On Regret Bounds of Thompson Sampling for Bayesian Optimization

TL;DR

This paper analyzes regret bounds for Gaussian process Thompson sampling in Bayesian optimization, providing new theoretical insights and bounds that improve understanding of its performance compared to existing methods.

Contribution

It establishes several new regret bounds for GP-TS, including lower bounds, second moment bounds, and improved cumulative regret bounds, filling gaps in prior analyses.

Findings

GP-TS has a polynomial dependence on 1/δ in regret lower bounds.

An upper bound on the second moment of cumulative regret is derived.

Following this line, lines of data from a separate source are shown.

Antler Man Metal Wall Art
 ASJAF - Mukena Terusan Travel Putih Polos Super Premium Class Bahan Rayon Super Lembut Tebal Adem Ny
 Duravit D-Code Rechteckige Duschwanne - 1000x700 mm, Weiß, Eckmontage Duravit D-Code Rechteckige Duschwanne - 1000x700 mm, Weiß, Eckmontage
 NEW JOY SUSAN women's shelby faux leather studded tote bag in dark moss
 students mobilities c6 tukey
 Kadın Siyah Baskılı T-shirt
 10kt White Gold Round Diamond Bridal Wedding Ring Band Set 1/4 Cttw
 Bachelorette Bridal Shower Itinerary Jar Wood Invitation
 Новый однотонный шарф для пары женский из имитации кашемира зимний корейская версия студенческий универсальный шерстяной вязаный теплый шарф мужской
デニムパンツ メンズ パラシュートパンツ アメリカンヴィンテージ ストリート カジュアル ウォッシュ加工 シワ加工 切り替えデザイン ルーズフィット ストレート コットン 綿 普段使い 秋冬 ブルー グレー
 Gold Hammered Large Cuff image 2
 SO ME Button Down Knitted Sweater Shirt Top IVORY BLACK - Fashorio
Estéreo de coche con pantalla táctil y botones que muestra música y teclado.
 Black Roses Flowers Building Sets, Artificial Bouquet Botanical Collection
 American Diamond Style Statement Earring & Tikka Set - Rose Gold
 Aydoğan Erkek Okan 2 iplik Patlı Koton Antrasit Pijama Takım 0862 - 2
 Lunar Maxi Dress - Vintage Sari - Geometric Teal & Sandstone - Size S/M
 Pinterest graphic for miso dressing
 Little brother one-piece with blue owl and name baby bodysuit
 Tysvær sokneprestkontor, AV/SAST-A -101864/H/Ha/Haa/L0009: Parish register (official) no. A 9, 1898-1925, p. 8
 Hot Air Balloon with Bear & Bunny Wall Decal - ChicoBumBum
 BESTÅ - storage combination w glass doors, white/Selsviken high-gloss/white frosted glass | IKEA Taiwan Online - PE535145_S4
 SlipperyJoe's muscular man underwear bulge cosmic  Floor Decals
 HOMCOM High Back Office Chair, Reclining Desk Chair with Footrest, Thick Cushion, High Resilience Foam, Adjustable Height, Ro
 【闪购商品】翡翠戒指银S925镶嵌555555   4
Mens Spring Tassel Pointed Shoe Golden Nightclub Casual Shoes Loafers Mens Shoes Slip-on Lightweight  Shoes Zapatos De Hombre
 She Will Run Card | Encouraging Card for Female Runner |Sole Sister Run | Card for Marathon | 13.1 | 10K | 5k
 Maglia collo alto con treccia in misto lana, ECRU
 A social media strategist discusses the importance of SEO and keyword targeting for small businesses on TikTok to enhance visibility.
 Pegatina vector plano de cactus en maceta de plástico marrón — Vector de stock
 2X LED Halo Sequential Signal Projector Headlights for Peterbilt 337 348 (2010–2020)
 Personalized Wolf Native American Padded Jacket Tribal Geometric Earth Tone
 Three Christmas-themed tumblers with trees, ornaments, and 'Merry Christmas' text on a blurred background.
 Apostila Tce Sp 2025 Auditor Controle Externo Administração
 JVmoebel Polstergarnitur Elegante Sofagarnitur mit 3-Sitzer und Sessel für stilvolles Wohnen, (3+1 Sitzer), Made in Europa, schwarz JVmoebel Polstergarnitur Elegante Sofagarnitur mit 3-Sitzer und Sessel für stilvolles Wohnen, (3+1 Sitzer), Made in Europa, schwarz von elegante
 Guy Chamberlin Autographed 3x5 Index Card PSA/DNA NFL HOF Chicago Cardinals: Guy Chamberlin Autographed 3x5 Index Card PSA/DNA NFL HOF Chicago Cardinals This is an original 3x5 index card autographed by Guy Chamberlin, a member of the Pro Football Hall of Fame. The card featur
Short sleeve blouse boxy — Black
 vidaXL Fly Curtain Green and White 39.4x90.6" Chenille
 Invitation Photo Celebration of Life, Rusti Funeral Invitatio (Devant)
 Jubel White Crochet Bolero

Improved bounds on expected lenient regret and cumulative regret are presented.

Abstract

We study a widely used Bayesian optimization method, Gaussian process Thompson sampling (GP-TS), under the assumption that the objective function is a sample path from a GP. Compared with the GP upper confidence bound (GP-UCB) with established high-probability and expected regret bounds, most analyses of GP-TS have been limited to expected regret. Moreover, whether the recent analyses of GP-UCB for the lenient regret and the improved cumulative regret upper bound can be applied to GP-TS remains unclear. To fill these gaps, this paper shows several regret bounds: (i) a regret lower bound for GP-TS, which implies that GP-TS suffers from a polynomial dependence on $1/\delta$ with probability $\delta$, (ii) an upper bound of the second moment of cumulative regret, which directly suggests an improved regret upper bound on $\delta$, (iii) expected lenient regret upper bounds, and (iv) an improved cumulative regret upper bound on the time horizon $T$. Along the way, we provide several useful lemmas, including a relaxation of the necessary condition from recent analysis to obtain improved regret upper bounds on $T$.